**WHAT THIS TASK INVOLVES:**
Return only what runs from the line containing "1000 Taylors Chapel" through the last line of the entries below, exactly, omitting pictures.
+===+
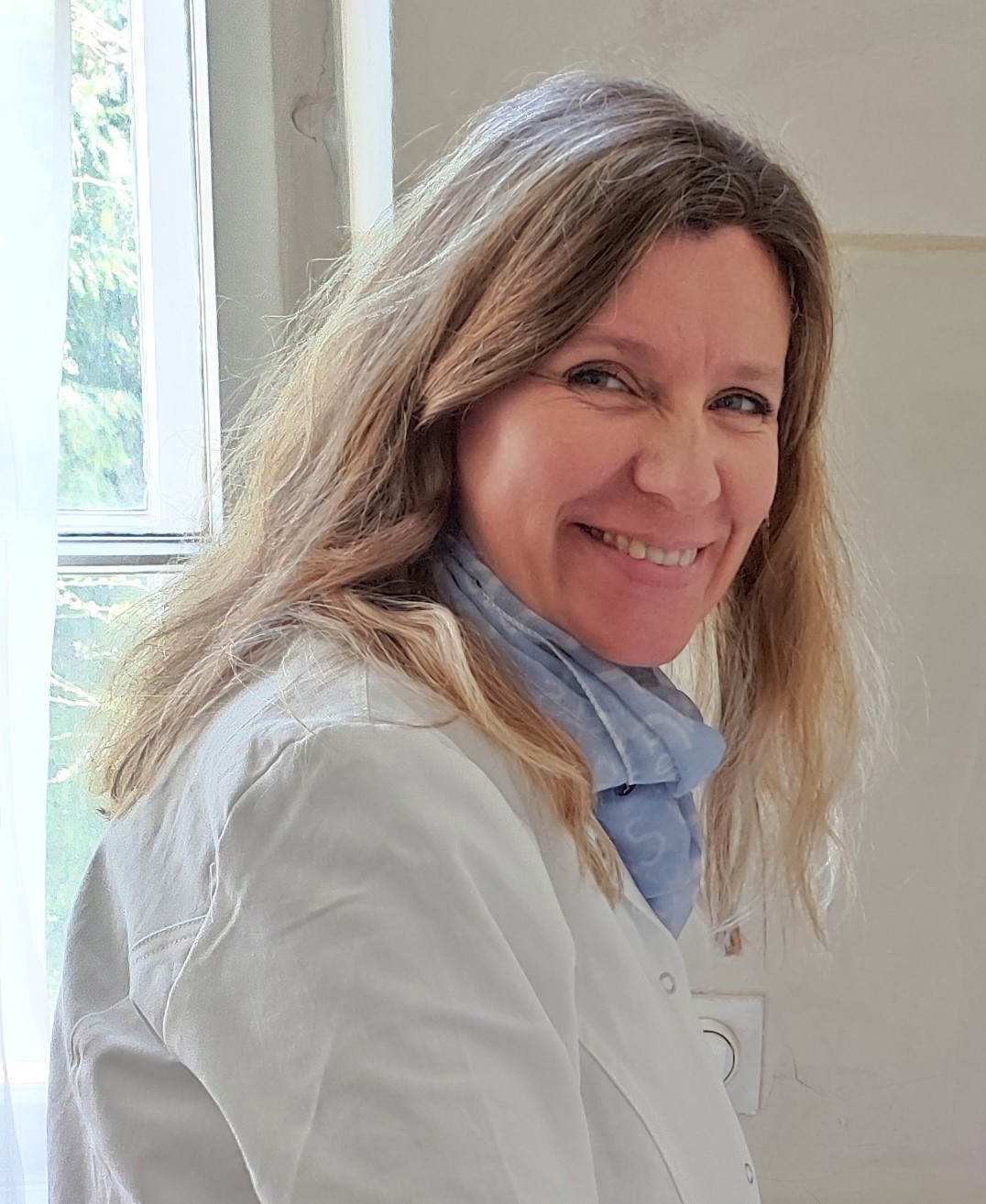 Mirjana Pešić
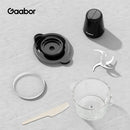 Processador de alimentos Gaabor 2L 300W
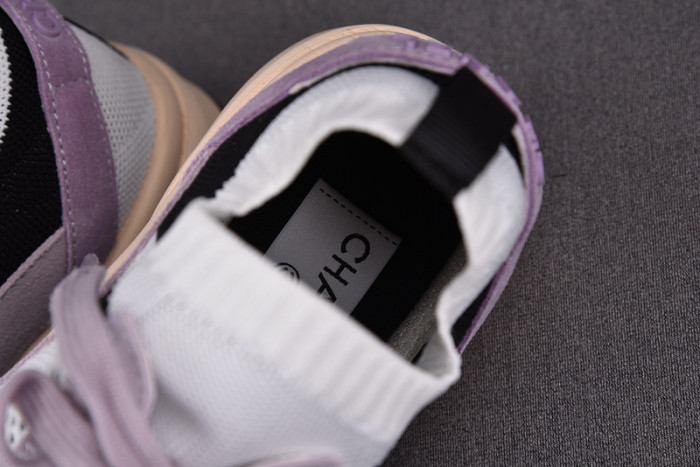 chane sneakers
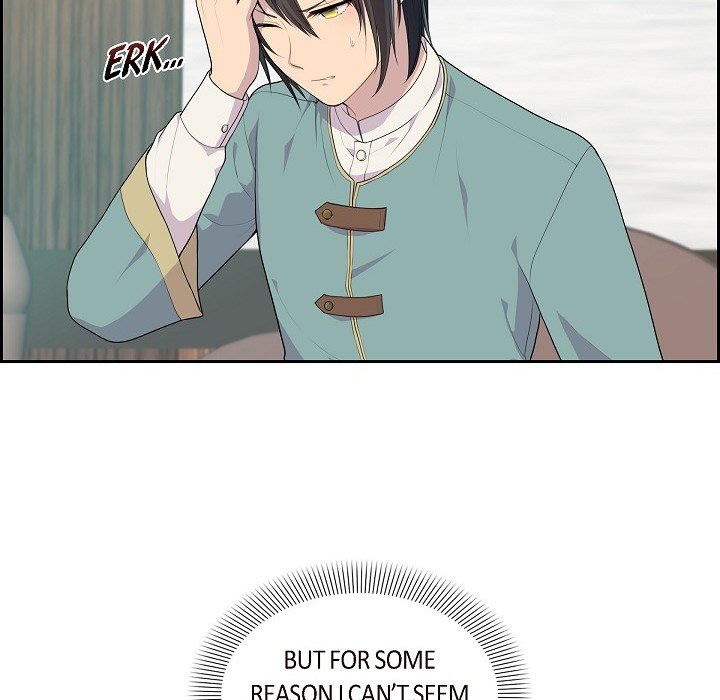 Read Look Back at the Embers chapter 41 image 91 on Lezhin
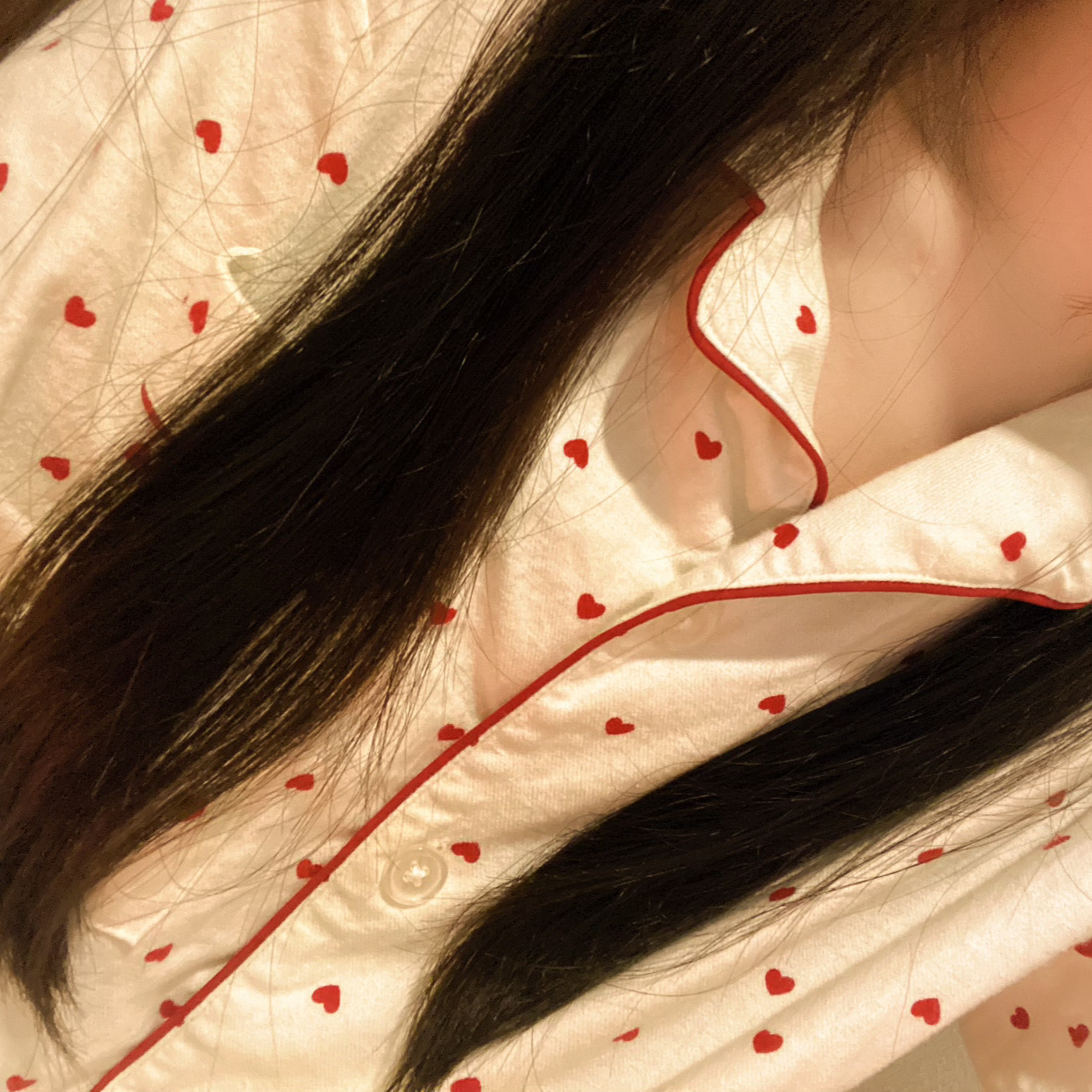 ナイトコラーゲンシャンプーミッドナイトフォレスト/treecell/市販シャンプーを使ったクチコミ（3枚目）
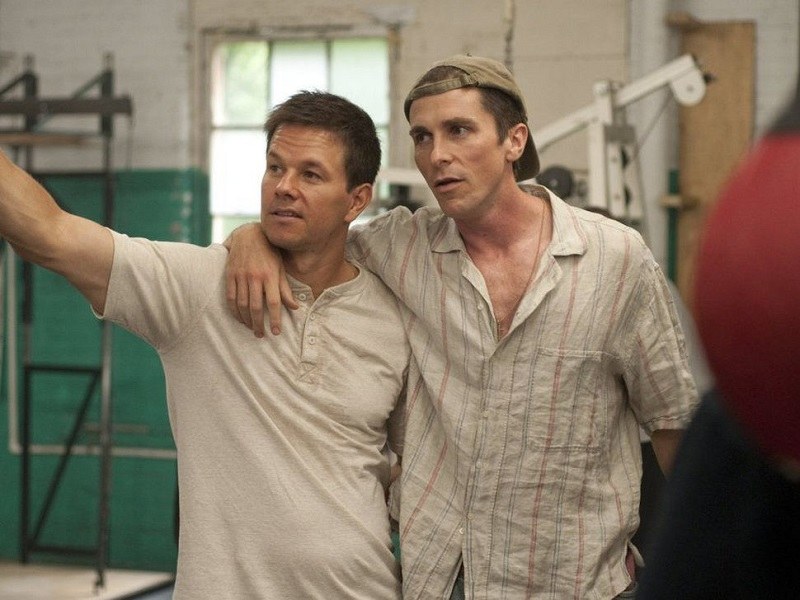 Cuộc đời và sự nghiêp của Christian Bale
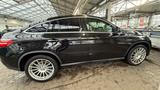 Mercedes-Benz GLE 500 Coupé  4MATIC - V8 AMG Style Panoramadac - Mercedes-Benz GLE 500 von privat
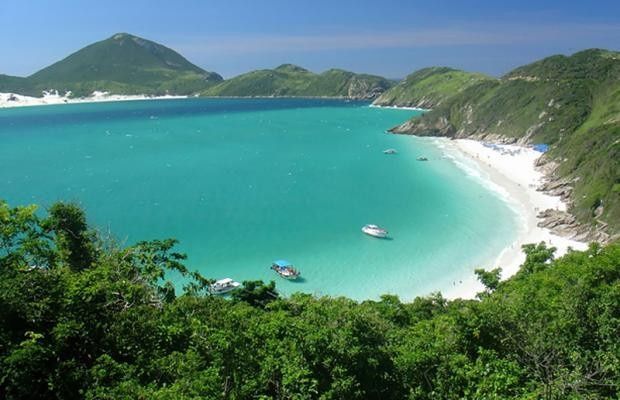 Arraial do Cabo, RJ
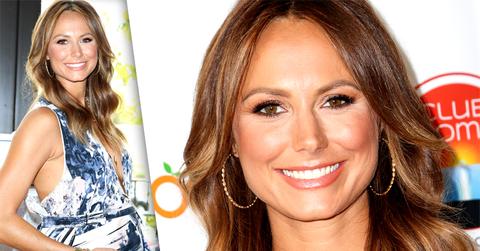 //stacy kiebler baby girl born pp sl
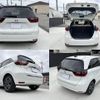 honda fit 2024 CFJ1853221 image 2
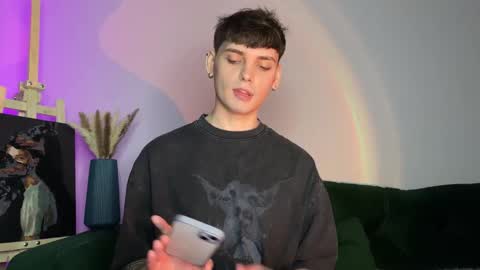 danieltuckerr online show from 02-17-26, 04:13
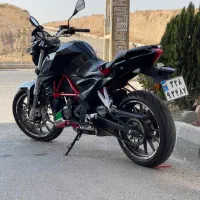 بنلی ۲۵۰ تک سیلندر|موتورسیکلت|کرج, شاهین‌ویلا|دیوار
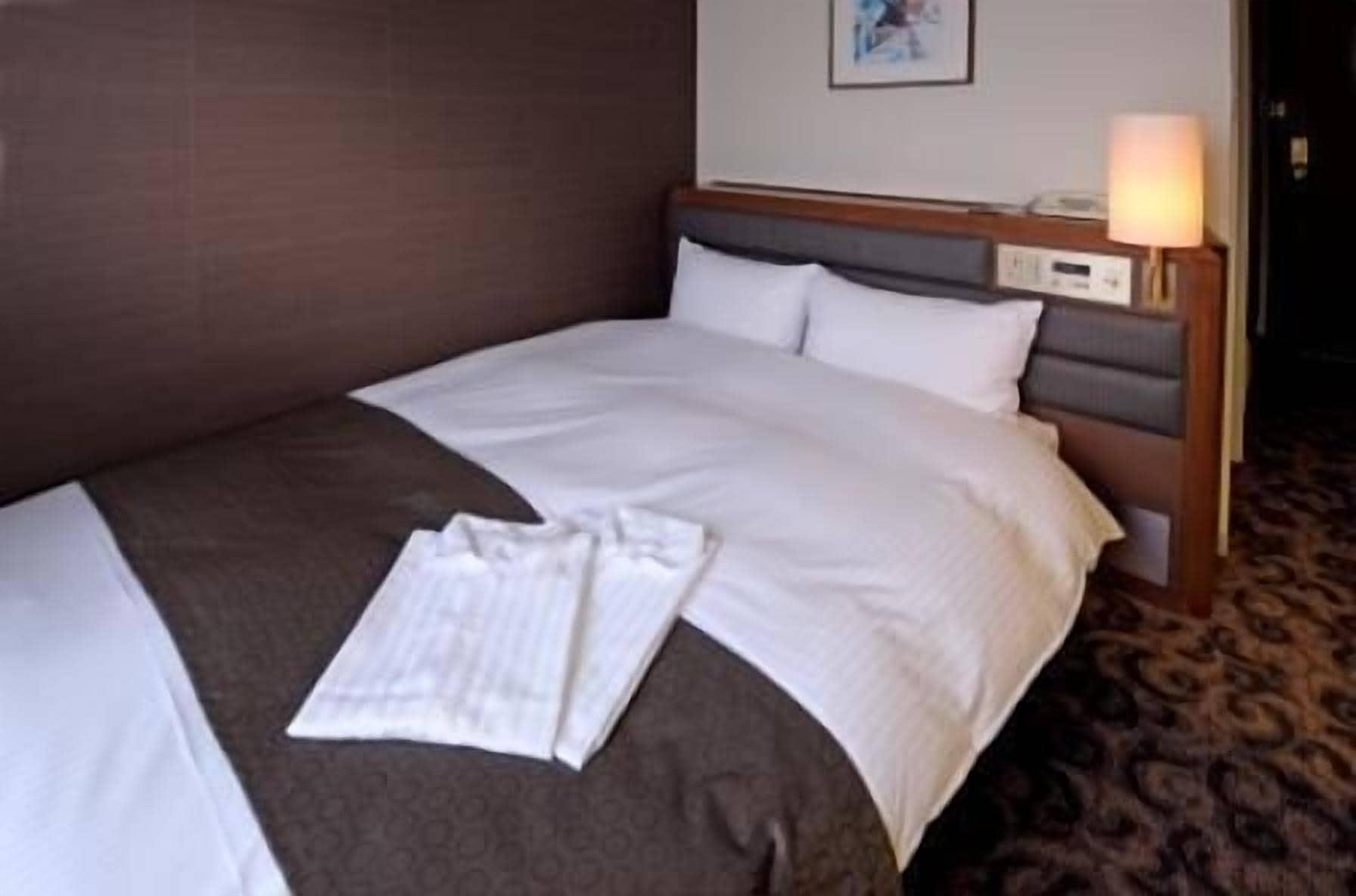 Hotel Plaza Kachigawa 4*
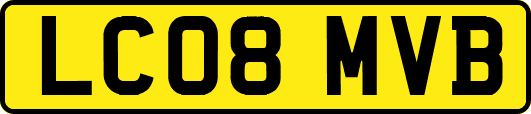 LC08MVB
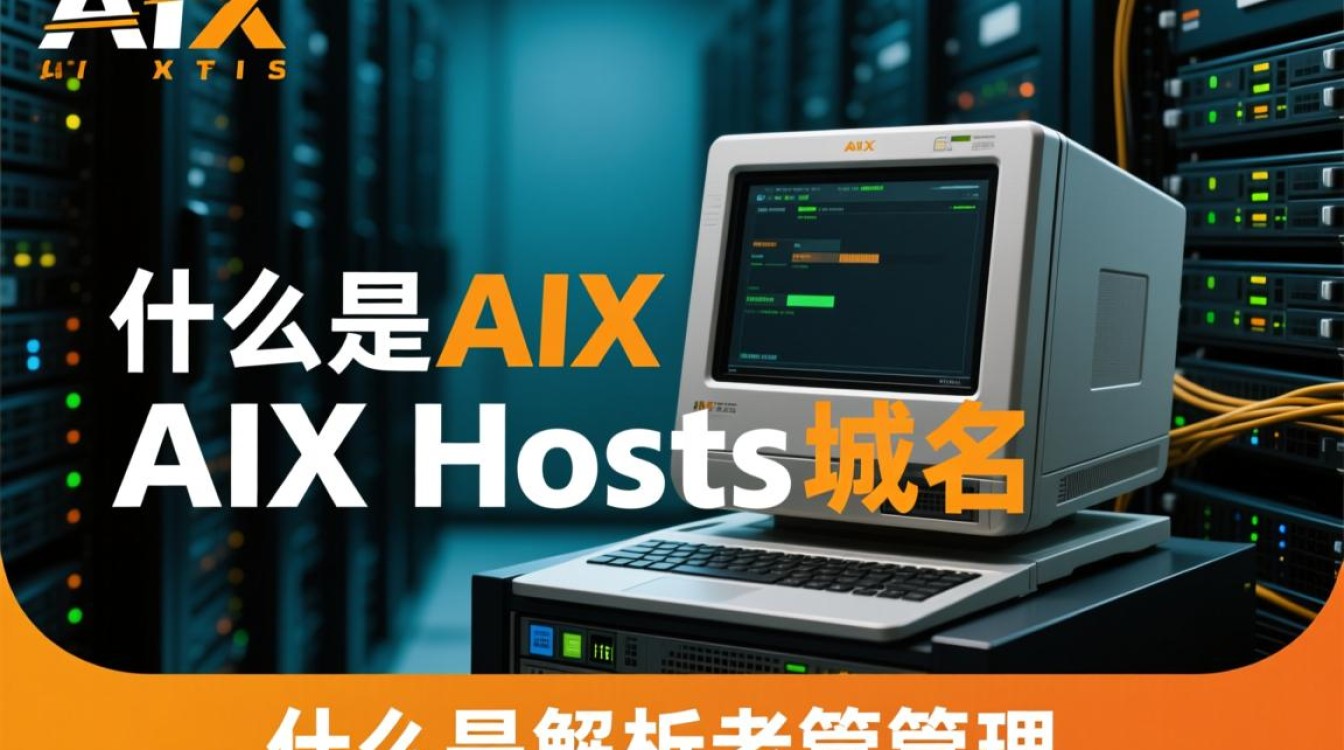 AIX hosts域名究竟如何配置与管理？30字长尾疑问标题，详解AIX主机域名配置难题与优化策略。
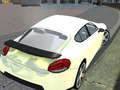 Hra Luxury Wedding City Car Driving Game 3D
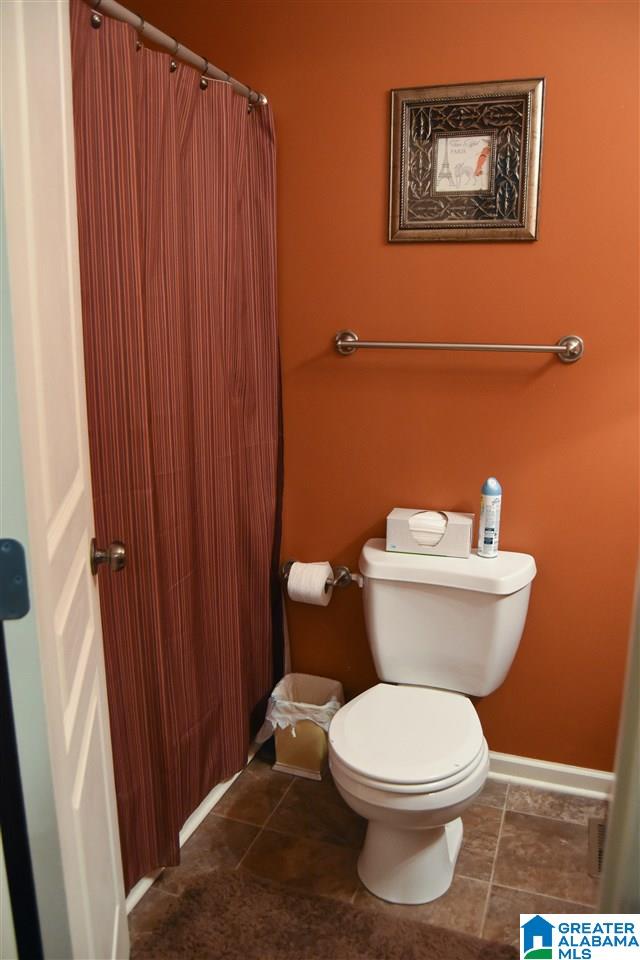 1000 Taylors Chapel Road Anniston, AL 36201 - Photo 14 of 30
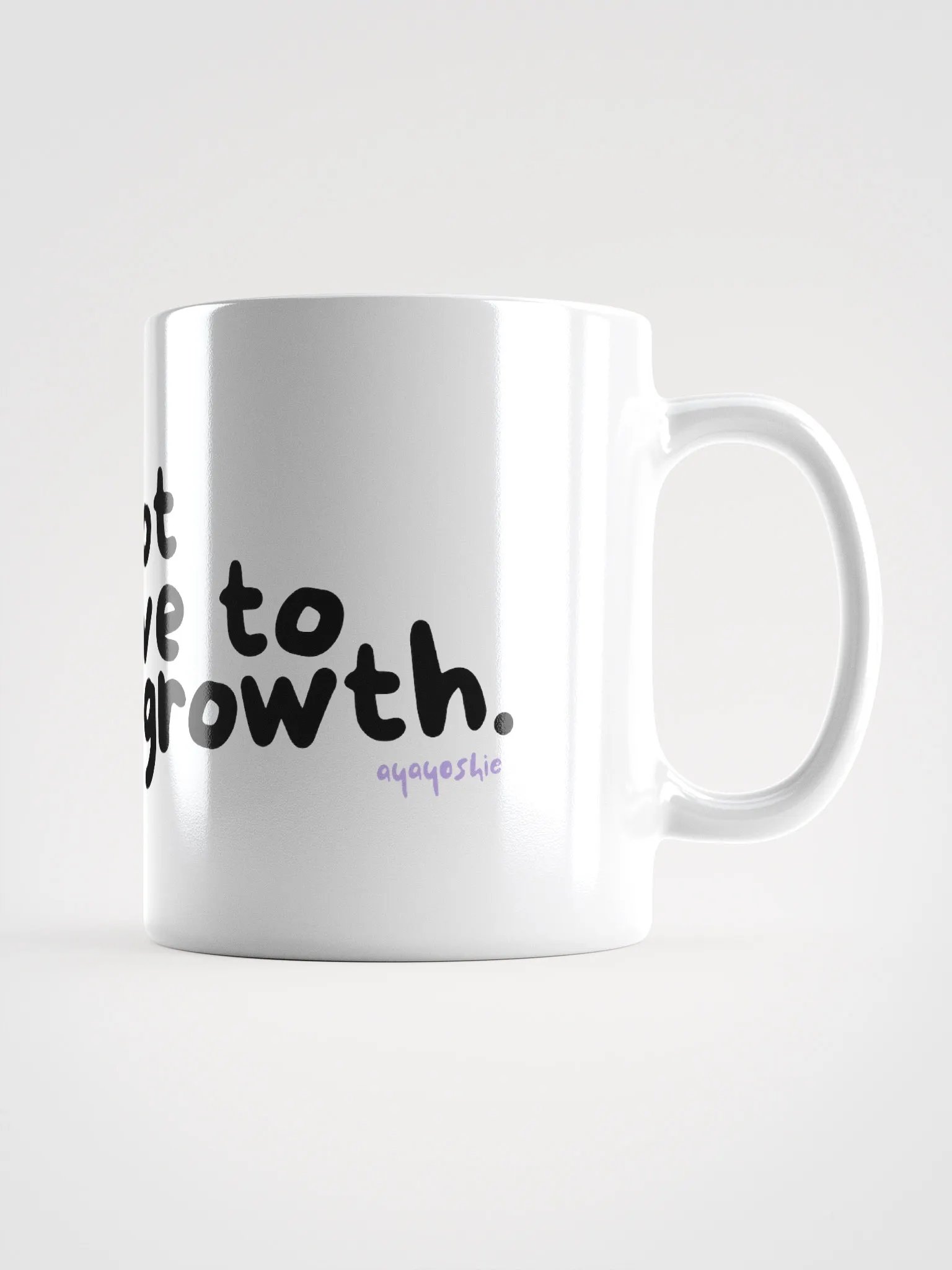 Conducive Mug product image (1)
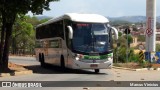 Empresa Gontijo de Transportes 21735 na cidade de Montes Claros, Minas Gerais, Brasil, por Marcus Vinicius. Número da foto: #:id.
+===+
**RESPONSE FOR THIS EXERCISE:**
 1000 Taylors Chapel Road Anniston, AL 36201 - Photo 14 of 30
 Conducive Mug product image (1)
 Empresa Gontijo de Transportes 21735 na cidade de Montes Claros, Minas Gerais, Brasil, por Marcus Vinicius. Número da foto: #:id.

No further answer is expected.